» EXERCISE PROMPT
Pictures do not belong in the copy. Output exactly the lines from the one containing "Metal spoon mixing ground beef in a pan." to the end of the listing below.

---------- DATA SECTION

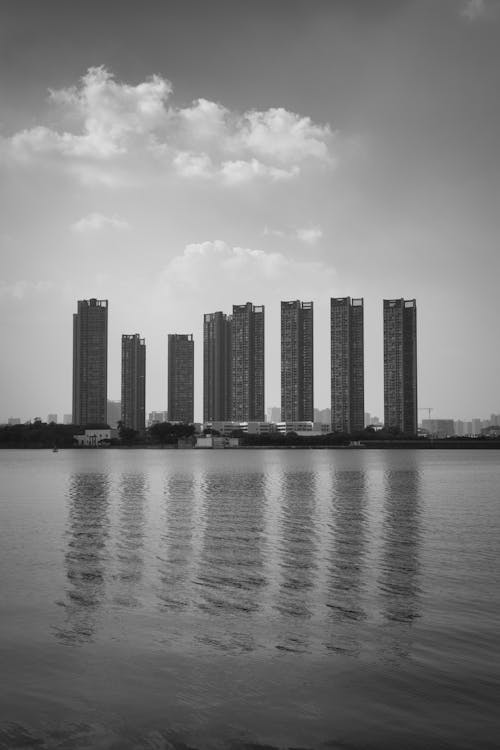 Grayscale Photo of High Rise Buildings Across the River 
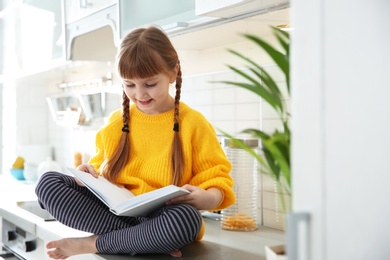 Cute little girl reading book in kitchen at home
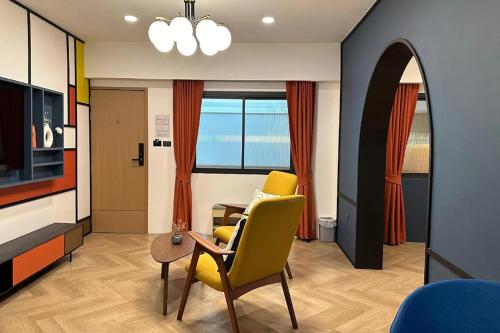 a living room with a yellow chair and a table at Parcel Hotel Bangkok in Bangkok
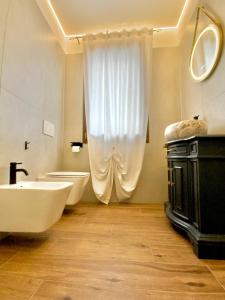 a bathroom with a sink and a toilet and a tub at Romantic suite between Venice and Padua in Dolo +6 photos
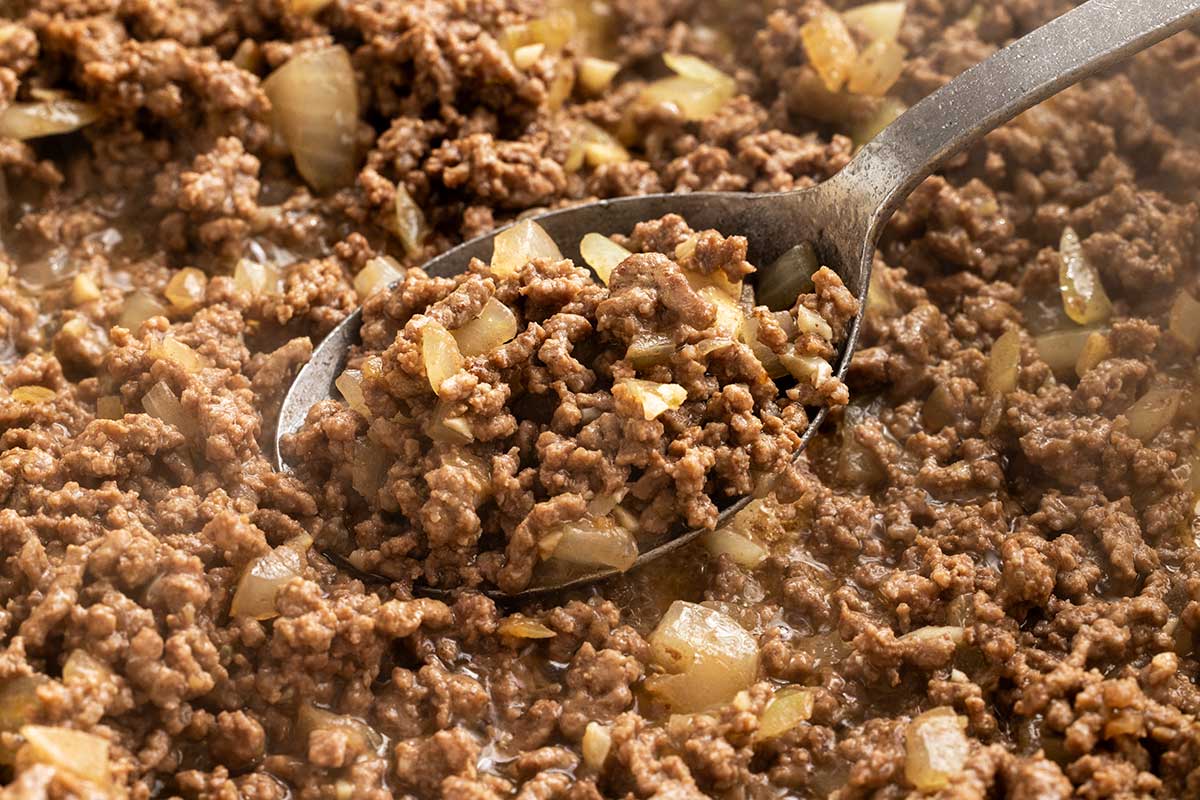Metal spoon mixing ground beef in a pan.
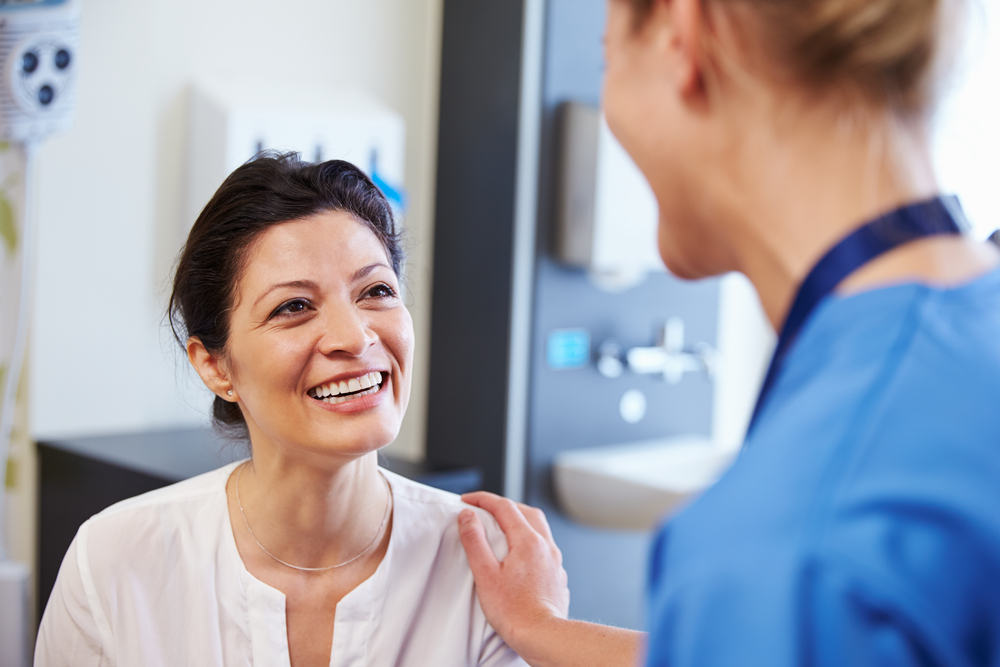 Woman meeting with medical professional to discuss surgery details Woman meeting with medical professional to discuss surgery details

--------------------

» RESPONSE FOR THIS EXERCISE
Metal spoon mixing ground beef in a pan.
 Woman meeting with medical professional to discuss surgery details Woman meeting with medical professional to discuss surgery details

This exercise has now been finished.